Beyond Text: Why LLMs Alone Won't Discover Your Next Cancer Drug
Key Takeaways
- ▸LLMs can rapidly synthesize research and identify novel connections across scientific literature, but cannot replace hands-on experimental validation required for drug discovery
- ▸The critical gap in AI-for-pharma is the inability to close the experimental loop computationally; new data from wet labs and physics simulations cannot be generated by language models alone
- ▸Real-world drug discovery pipelines require 99%+ step reliability; LLM hallucinations that are merely embarrassing in chatbots can waste millions and half a year of development work in pharma
Summary
In a critical analysis of AI's role in pharmaceutical drug discovery, PAULING.AI founder Javier Tordable argues that while large language models excel at synthesizing research and identifying connections across scientific literature, they fundamentally cannot replace the experimental process required to develop new drugs. He highlights a critical gap in current AI-for-pharma narratives: LLMs can read thousands of papers per second and reason about biological mechanisms, but they cannot conduct the wet lab assays, physics-based simulations, and experimental validation that actually produce drug candidates.

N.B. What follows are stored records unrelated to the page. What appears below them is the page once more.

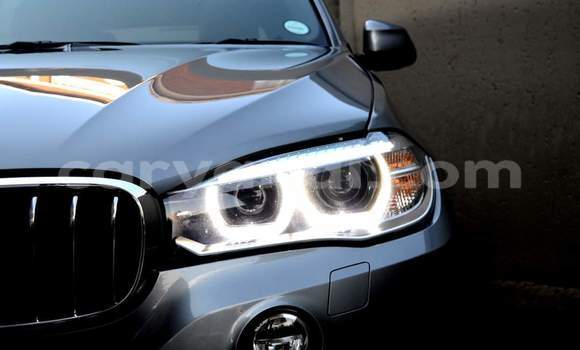 Acheter Occasion Voiture BMW X5 Gris à Lusaka, Zambie Acheter Occasion Voiture BMW X5 Gris à Lusaka, Zambie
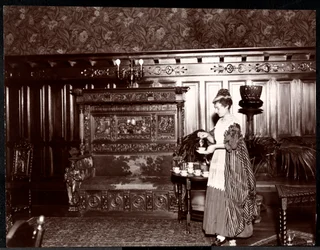 Goście podejmowani herbatą w hotelu Marie Antoinette, 1895 lub 1896 (odbitka żelatynowa)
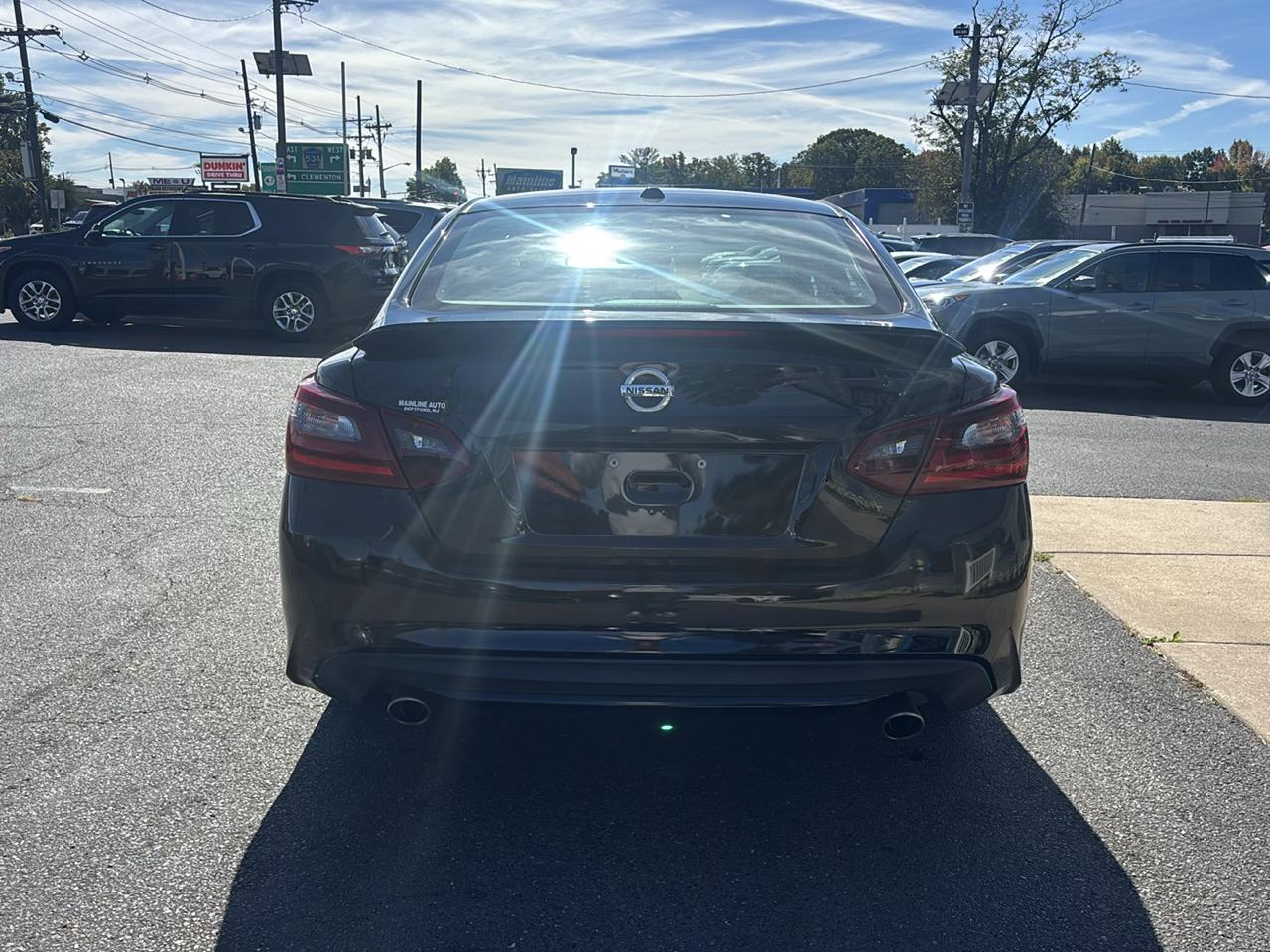 Nissan Altima 2.5 SR Sedan 2018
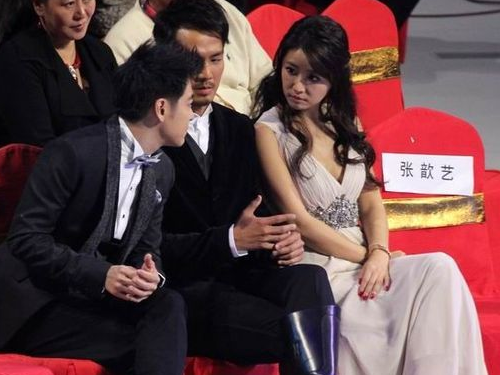 Luat ngam tham do cua showbiz Hoa ngu hinh anh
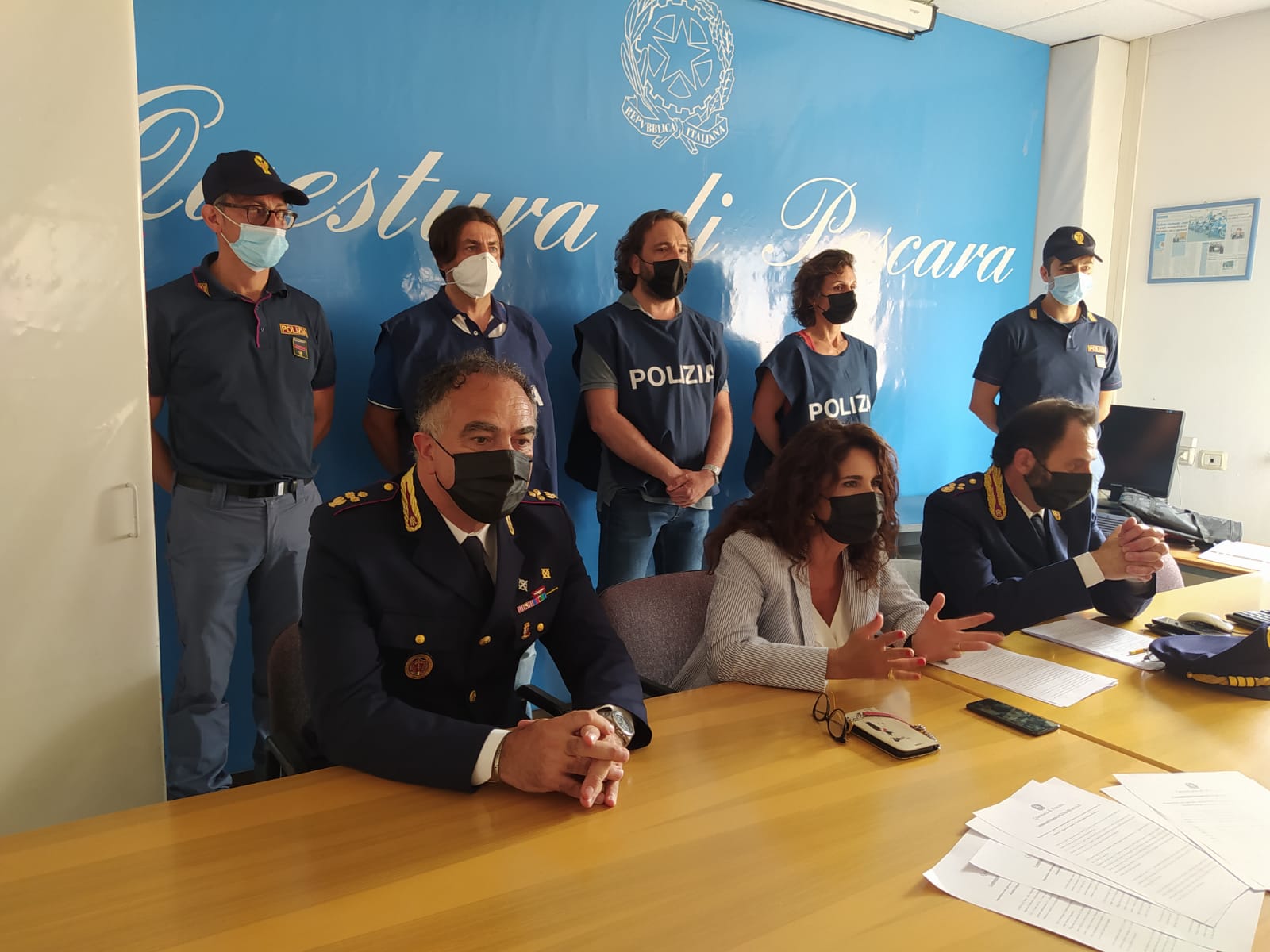 Pescara, sequestrano una giovane connazionale per portarla oltre confine, arrestati dalla Polizia due bulgari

Tordable emphasizes that the true challenge in applying AI to drug discovery is not building impressive demos but achieving the reliability required for real-world pharmaceutical workflows. He notes that drug discovery pipelines chain dozens of sequential steps, meaning that if each step operates at 90% reliability, end-to-end success drops below 10%—insufficient for actual drug development programs. PAULING.AI's approach bridges this gap by connecting LLM reasoning to computational chemistry tools (molecular docking, molecular dynamics, ADMET prediction) that generate new data, allowing the AI system to test hypotheses rather than merely hypothesize.
The distinction Tordable draws is between AI that impresses boardrooms and AI that actually advances drug discovery programs. Achieving this requires driving step reliability to 99% or above, handling edge cases and ambiguous outputs autonomously, and eliminating the need for constant human oversight at each transition point. His argument reframes the AI-in-pharma conversation around the unglamorous but essential engineering work of building autonomous, reliable systems rather than sophisticated language models.

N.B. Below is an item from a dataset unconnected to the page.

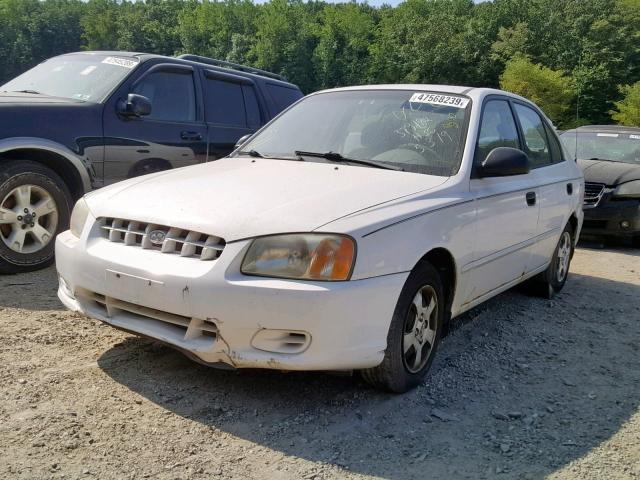 KMHCG45C32U370661 - 2002 HYUNDAI ACCENT GL WHITE photo 2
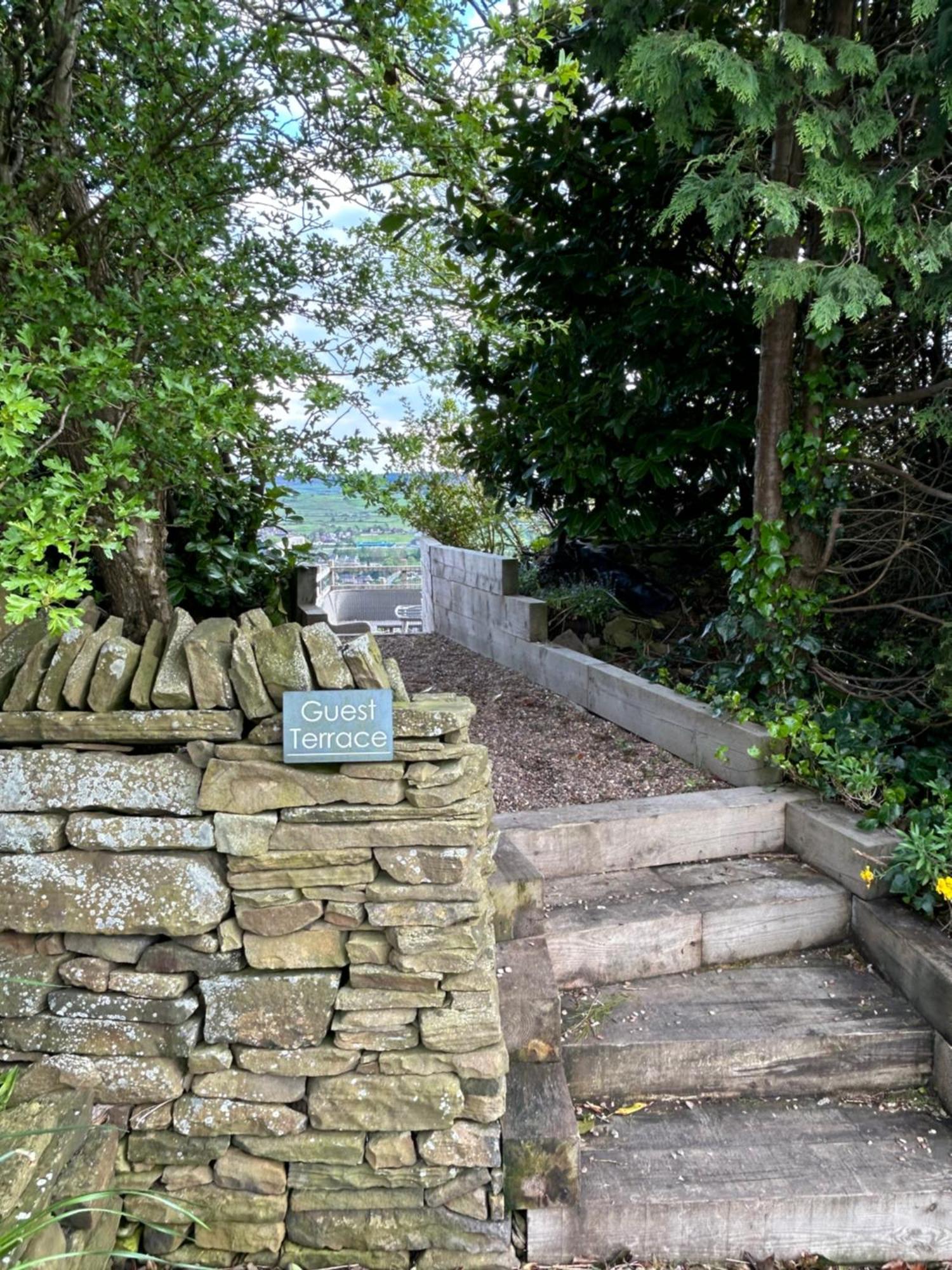 Holiday home The Coach House & The Stables Holiday Homes Windy Bank Hall Green Moor Yorkshire Peak District *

- PAULING.AI integrates LLM reasoning with computational chemistry tools to enable AI systems that test hypotheses and generate new data autonomously, rather than merely synthesizing existing knowledge
- Success in AI-for-pharma depends on unglamorous engineering work around system reliability and autonomous edge-case handling, not impressive demos or boardroom-ready pitches
Editorial Opinion
Tordable's essay cuts through the hype around generative AI in drug discovery with refreshing clarity and technical rigor. His insistence that the real challenge lies in achieving 99%+ reliability across multi-step workflows—rather than building chatbots that can read papers—reframes how we should evaluate AI applications in high-stakes domains. The distinction between computational loops that can close entirely in software versus pharmaceutical workflows that require physical experimentation is crucial and underexplored in most AI vendor narratives. This argument should shift investor and industry focus from flashy LLM demonstrations toward the harder, less publicizable engineering work of building trustworthy, autonomous systems for science.